# Problem requirements
Leaving out any pictures, transcribe every record exactly.

Start of Supplied records

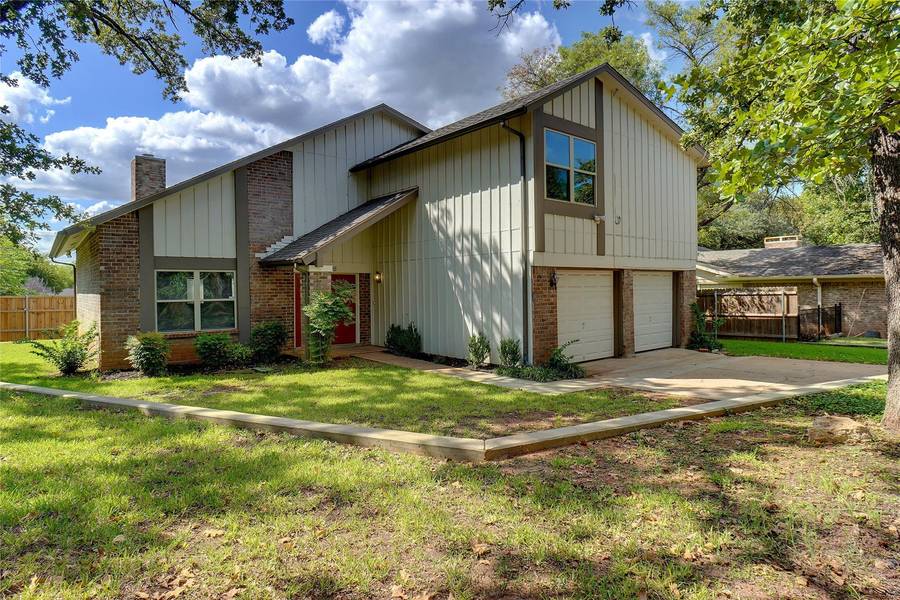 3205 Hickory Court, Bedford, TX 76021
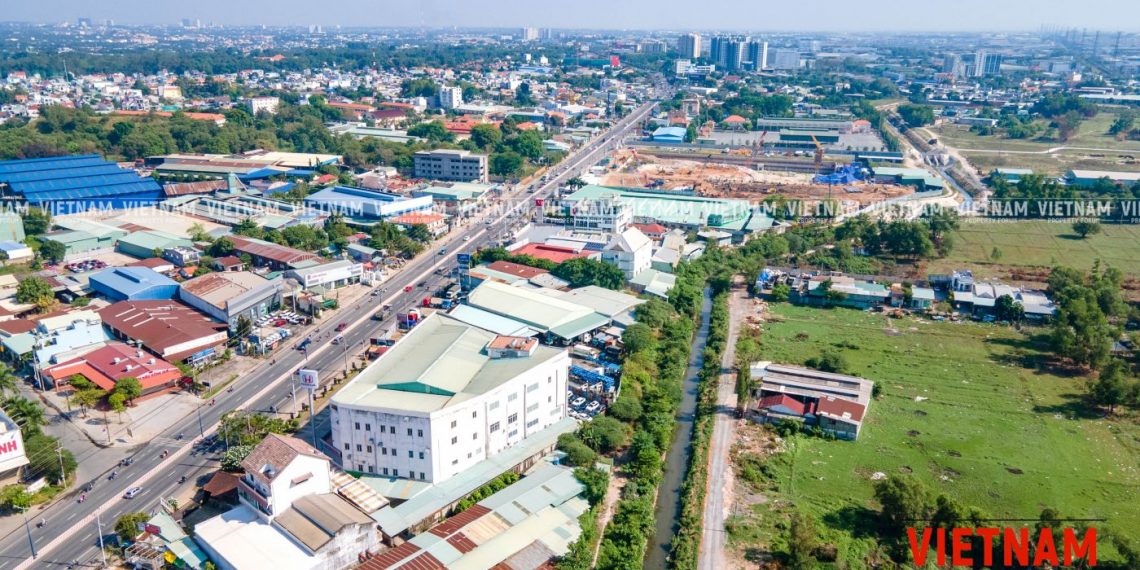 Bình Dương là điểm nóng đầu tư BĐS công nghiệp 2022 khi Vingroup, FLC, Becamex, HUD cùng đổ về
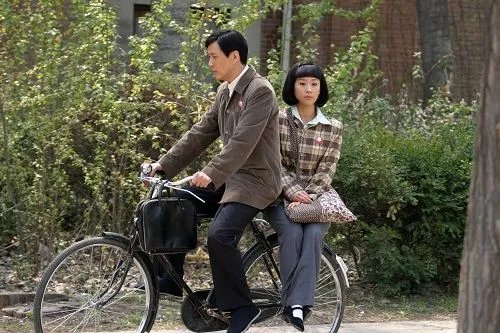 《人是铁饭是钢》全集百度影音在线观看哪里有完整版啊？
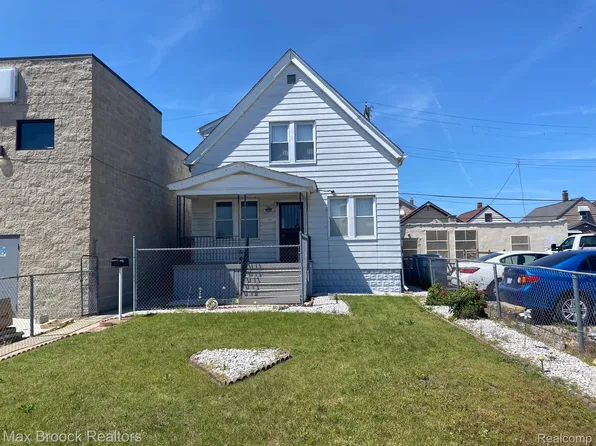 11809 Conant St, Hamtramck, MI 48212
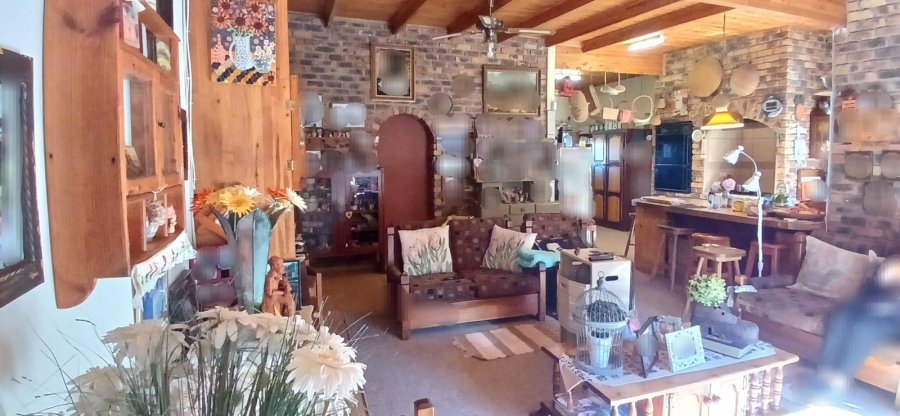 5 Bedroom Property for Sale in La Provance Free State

End of Supplied records

# Response box
 3205 Hickory Court, Bedford, TX 76021
 Bình Dương là điểm nóng đầu tư BĐS công nghiệp 2022 khi Vingroup, FLC, Becamex, HUD cùng đổ về
 《人是铁饭是钢》全集百度影音在线观看哪里有完整版啊？
 11809 Conant St, Hamtramck, MI 48212
 5 Bedroom Property for Sale in La Provance Free State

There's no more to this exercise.